The reasons why nurses report or do not report medication errors may surprise you. Some literature supports the idea that more experienced nurses make fewer errors, while other researchers believe that more experienced nurses report fewer errors. Recent research1 identifies tacitly shared rules that nurses apply to clinical situations to determine if a "real" medication error occurred. The rules frequently involve reading between the lines of medication orders or modifying organizational regulations. Even though this research involved nurses, we suspect that physicians and pharmacists have their own rules, too.

·If it's not my fault, it is not an error. If the nurse cannot avoid the error, it is not an error. Examples include late drug administration or omission when the patient is off the unit or when the prescribed drug is not available on the unit.

·If everyone knows, it is not an error. When everyone is aware that actual practice differs from policy and procedure, it is not an error. Applying transdermal patch medications at 0600 instead of the prescribed time of 0800 is an example.
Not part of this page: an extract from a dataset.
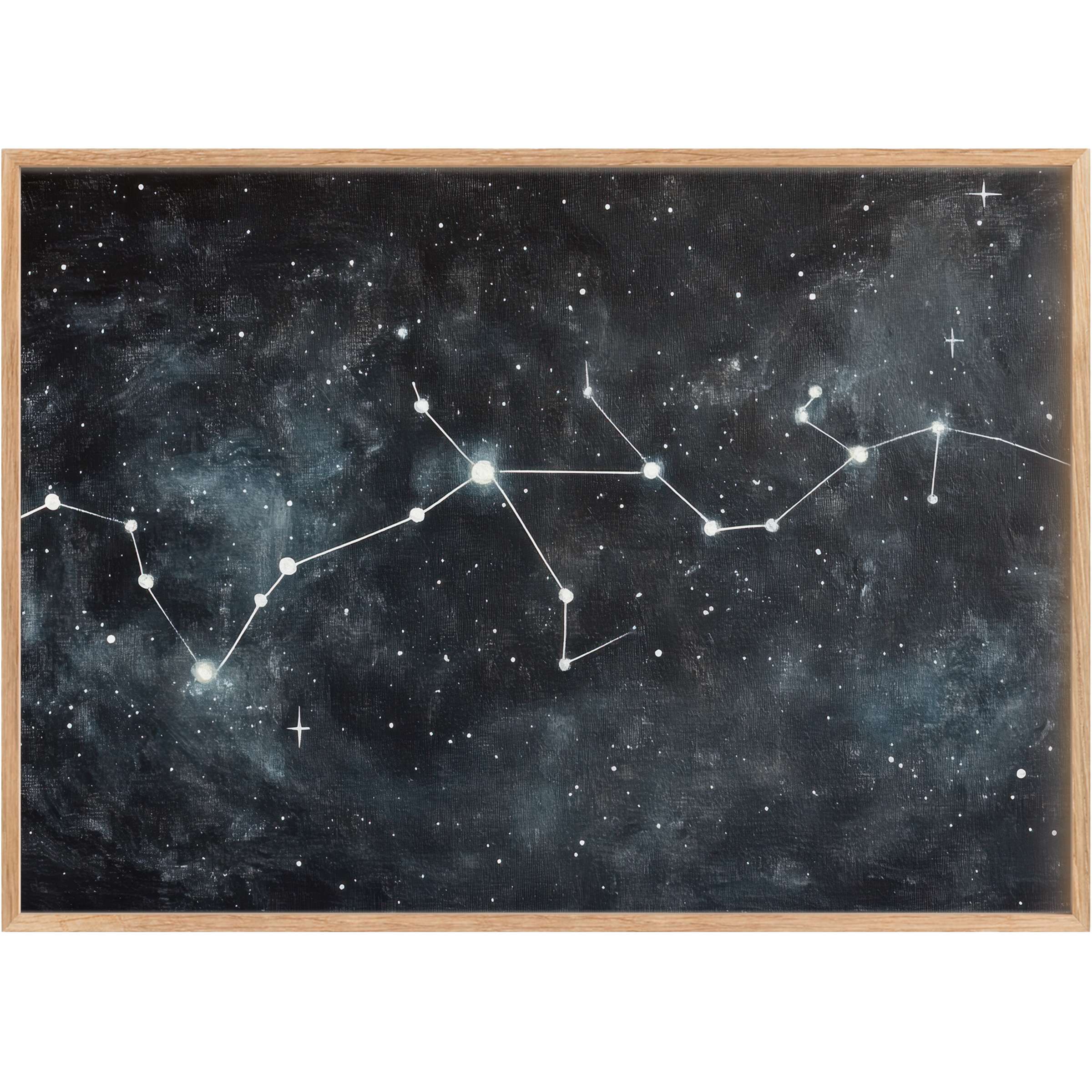 Ethereal constellation lines glow softly against a deep navy sky, crafting a calming, minimalist printable wall art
Since 0800 is not a routine time for medication administration, and the patch would likely be applied later than the prescribed time because of busy schedules, the nurses change the time of patch application. The physicians know and approve of this practice.

·If you can make it right, it is not an error. More experienced nurses become innovative about making things right when an error has occurred. If a dose is omitted, the nurse may change the subsequent drug administration schedule to "get back on track." This mind-set may also include documentation. When a discrepancy is noted, the nurse involved may be asked later to document a procedure that may or may not have been carried out.
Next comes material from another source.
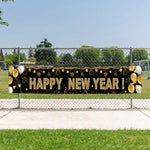 Black/Red Gold Happy New Year 2025 Banner Navidad Natal Noel Outdoor Flags New Year Party Decor Balloon Photography Background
·If a patient's needs are more urgent than accurate medication administration, it is not an error. If, in the nurse's clinical judgment, other patient needs take priority, any irregularity in drug administration is not considered an error. Examples include dealing with emergencies, which often delay or otherwise alter drug administration.

·A clerical error is not an error. Nurses frequently assume there is no "real" error when faced with an apparent error in documentation. When a nurse on a previous shift fails to document drug administration or documents a dose in the wrong section of an MAR, often no one investigates because the nurse may already be at home sleeping or would not remember.

·If it prevents something worse, it is not an error. If a nurse knows that she will be busy later due to planned admissions, discharges and procedures, she may administer medications early rather than risk omitting doses. Technically, early administration is an error, but it is preferable to omission.

Medication errors should be reported regardless of the circumstances surrounding them. Institutions may have official organizational policies and procedures on medication administration and error reporting, but when faced with real clinical situations, this study shows that nurses develop alternative tactics. Some of these tactics evolved because many managers look for individuals to blame instead of fixing the systems that failed. Fearful of punishment, nurses try to protect their colleagues and independently change practice when they feel it is in their patients' best interests. As a result, a lot of important information about errors is lost. With this in mind, promote an atmosphere that encourages honest inquiry, and stimulate discussion about your organization's medication use problems and possible solutions. This is one rule ISMP hopes is never used: it was a blessing in disguise, so it's not an error.

1. Baker H. Rules outside the rules for administration of medication: a study in New South Wales, Australia. Jour of Nursing Scholarship. 1997; 29(2): 155-58.